» About this exercise: When you reach the line containing "Vieux Pont Ferroviaire" in the records below, start copying exactly, and stop once you have copied the line containing "<p>2007 MINI COOPER S</p>".

» Supplied entries:
»»
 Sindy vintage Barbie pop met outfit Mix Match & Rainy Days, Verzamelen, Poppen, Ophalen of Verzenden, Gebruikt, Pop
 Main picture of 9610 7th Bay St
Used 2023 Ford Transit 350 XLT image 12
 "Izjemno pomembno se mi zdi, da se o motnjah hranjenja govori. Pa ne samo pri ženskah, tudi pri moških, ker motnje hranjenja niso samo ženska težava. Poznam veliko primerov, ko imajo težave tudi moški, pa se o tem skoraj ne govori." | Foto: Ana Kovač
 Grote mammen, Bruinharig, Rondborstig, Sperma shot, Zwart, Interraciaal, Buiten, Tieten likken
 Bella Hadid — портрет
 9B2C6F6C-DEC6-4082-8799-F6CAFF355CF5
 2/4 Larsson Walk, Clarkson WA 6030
««
»»
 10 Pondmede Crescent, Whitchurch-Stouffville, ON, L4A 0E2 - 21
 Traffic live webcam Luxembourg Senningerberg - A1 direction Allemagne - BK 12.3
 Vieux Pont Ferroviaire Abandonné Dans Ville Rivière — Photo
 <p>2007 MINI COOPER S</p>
««
» Solution to this exercise:
 Vieux Pont Ferroviaire Abandonné Dans Ville Rivière — Photo
 <p>2007 MINI COOPER S</p>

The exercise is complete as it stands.